She had it all in her face, poor Judy, all the spring softness and more, the morning she came, intensely controlled, to announce her defeat. I was in the drawing-room doing the flowers; I put them down to look at her. The wonderful telegram from Simla arrived-- that was the wonderful part--at the same time; I remembered how the red, white, and blue turban of the telegraph peon bobbed up behind her shoulder in the veranda. I signed and laid it on the table; I suppose it seemed hardly likely that anything could be important enough to interfere at the moment with my impression of what love, unbound and victorious, could do with a face I thought I knew. Love sat there careless of the issue, full of delight. Love proclaimed that between him and Judith Harbottle it was all over--she had met him, alas, in too narrow a place--and I marvelled at the paradox with which he softened every curve and underlined every vivid note of personality in token that it had just begun.
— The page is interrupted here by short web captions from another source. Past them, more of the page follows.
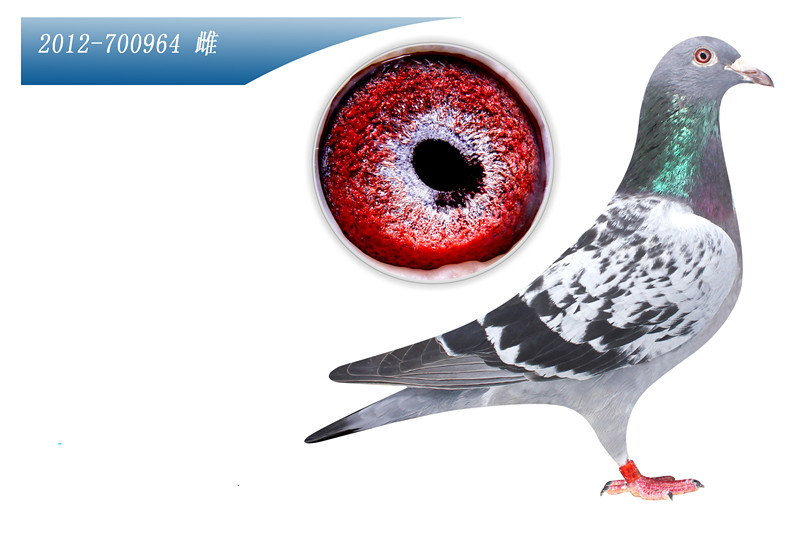 700公里冠军雌本身多次前十-晨睿鸽舍-中信网爱鸽商城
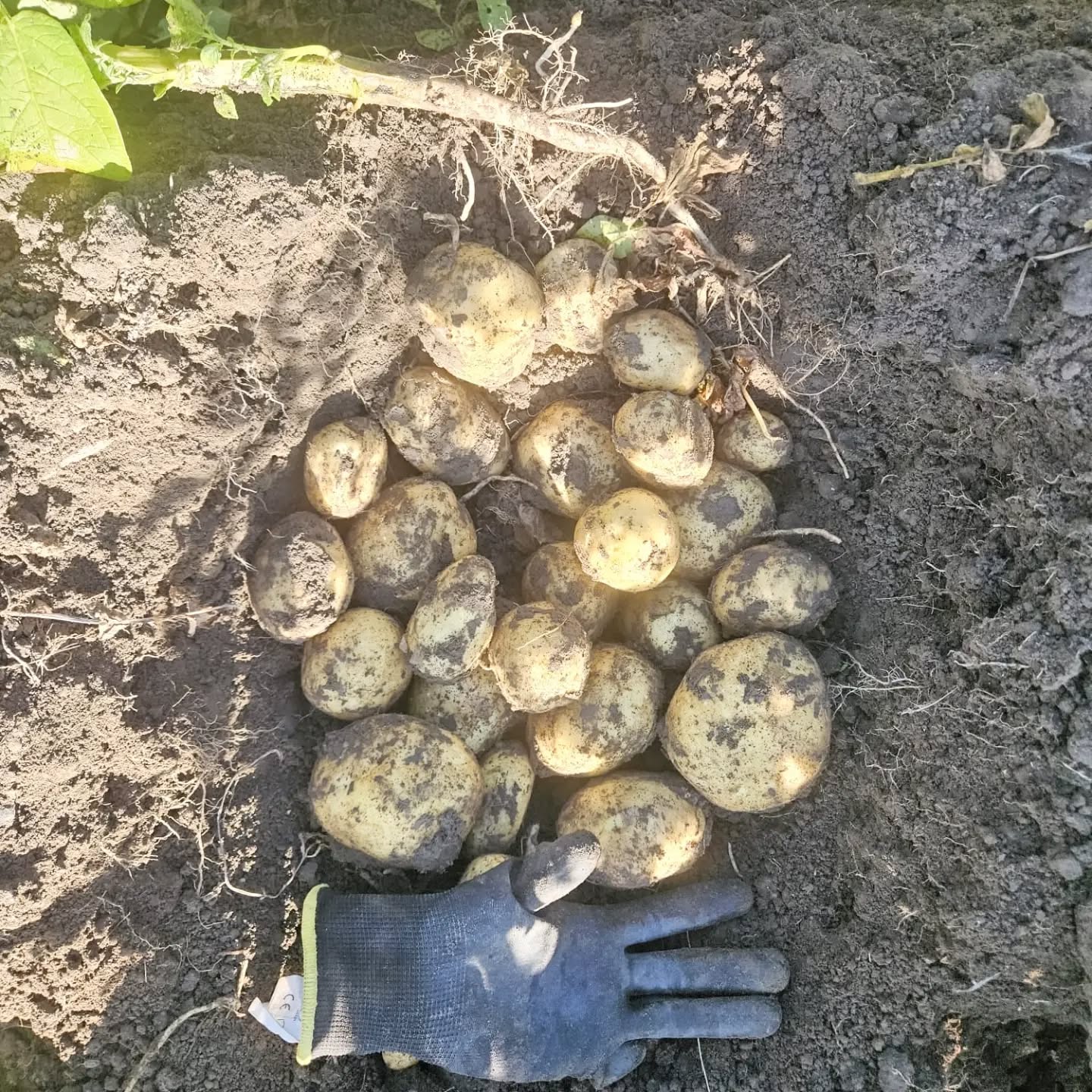 Niet te dik🤔
De aardappelen staan nu ongeveer 4 maanden te groeien en dan komt de oogst in zicht🚜🥔
Wij telen vooral tafelaardappelen voor de supermarkt en die mogen meestal niet te grof worden, meestal moeten ze 3,5 tot 7 cm zijn📏🧐
We moeten dat dus nauwkeurig in de gaten houden in het land zodat er niet teveel uit de maat groeien. We gaan regelmatig naar het land en nemen op 2 of 3 plekken een proefrooiing met de hand en beoordelen dan thuis de kwaliteit, opbrengst en maatverdeling🤓🥔👍🏼👎🏼
Als ze groot genoeg zijn en het blad is nog groen kunnen we het blad "dood" spuiten of in een droge zomer als deze stoppen met beregenen dan geven ze het vanzelf op🍂
Elk nadeel heeft zijn voordeel🙃
#hoekschewaardappel
#onzeboerderij
#aardappels_nl
#oogst2026
#potatonext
He sat there in great serenity, and though I knew that somewhere behind lurked a vanquished woman, I saw her through such a radiance that I could not be sure of seeing her at all. . .

She went back to the very first of it; she seemed herself intensely interested in the facts; and there is no use in pretending that, while she talked, the moral consideration was at all present with me either; it wasn't. Her extremity was the thing that absorbed us; she even, in tender thoughtfulness, diagnosed it from its definite beautiful beginning.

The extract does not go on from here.